One more for the road


Ouvi na rádio, vinha a caminho de Lisboa, entorpecido da auto-estrada e de preocupações diluídas no mais impecável smooth jazz da rádio portuguesa. O Rádio Blogue ia acabar! Ia acabar? Percebi que era apenas a respectiva leitura às tardes de sexta-feira; mas depois, lendo no próprio site, vi que era coisa muito mais radical, definitiva.
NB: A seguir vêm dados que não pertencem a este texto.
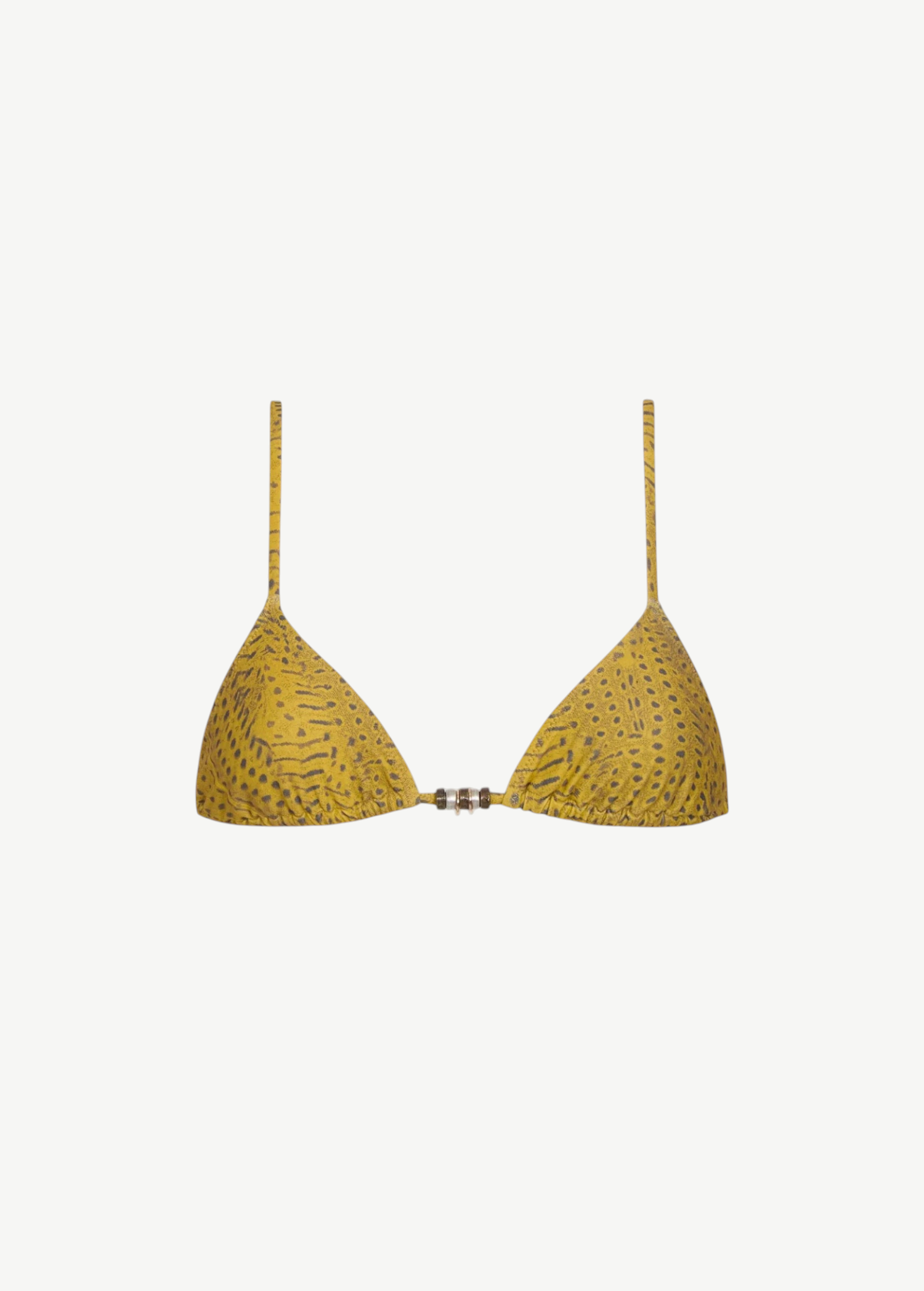 Equator Top: A yellow triangle bikini top adorned with a subtle black dotted pattern and thin straps, featuring a small front center clasp accented by two metallic beads. This stylish piece is an essential addition to any eco-friendly swimwear collection.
Ainda não conheci pessoalmente a Carla (isso só sucederá para o mês, se entretanto não me fizer substituir pelo meu primo), mas os desafios que ela lançava neste Rádio Blogue eram uma excelente base para discussão civilizada, com elegância mas sem reverência, para a consolidação de uma espécie de "confiança intelectual", uma quase-"cumplicidade virtual" que pode bem passar por ser um sucedâneo cibernético da amizade.
Lamento que a rotina nem sempre me tenha permitido sequer ler o trecho semanal, e menos ainda corresponder a todas as interpelações intelectuais. Eram sempre motes a merecer glosa.
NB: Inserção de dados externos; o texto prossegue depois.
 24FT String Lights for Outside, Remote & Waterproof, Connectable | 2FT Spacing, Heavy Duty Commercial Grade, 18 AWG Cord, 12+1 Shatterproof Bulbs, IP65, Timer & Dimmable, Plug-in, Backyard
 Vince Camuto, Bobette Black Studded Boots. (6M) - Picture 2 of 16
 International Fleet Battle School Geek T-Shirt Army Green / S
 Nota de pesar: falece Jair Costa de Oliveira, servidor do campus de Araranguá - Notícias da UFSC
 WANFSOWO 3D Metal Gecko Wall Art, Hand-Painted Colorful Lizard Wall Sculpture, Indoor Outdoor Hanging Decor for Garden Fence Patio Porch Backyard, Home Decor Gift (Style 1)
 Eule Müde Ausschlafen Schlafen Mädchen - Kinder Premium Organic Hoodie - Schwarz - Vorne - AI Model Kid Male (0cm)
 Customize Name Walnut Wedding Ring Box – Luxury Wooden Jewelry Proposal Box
Paciência, o diálogo continuará, deo juvante, por outras paragens, e estou certo de que a mesma chama intelectual da autora alumiará outras veredas.
As coisas que valem a pena são as que estão vivas; e essas têm um momento de geração e um de corrupção, têm a beleza do que é efémero e a abstracta dignidade daquilo que só na memória perdura incorrupto. Imagino os prodígios de equilíbrio que o Rádio Blogue exigiu, expondo-se tão abertamente num meio muito menos controlado do que aquele que é o dos blogues sem rádio. Eu não teria sido capaz, mas por isso mesmo é que nunca tive, não tenho nem terei a consagração blogosférica da Carla.
Aristóteles, o conceptualizador desse movimento de geração e corrupção, entendia que alguma coisa perduraria, um grande elo unificador das percepções transitórias desse movimento perpétuo: chamou-lhe "substância", o que fica quando tudo passa. É, Carla, o Rádio Blogue teve substância, ou, se quisermos o equivalente culinário e farta-brutos, foi coisa "de sustância", um repasto gratificante; efémero como todos os repastos, inesquecível como os bons repastos.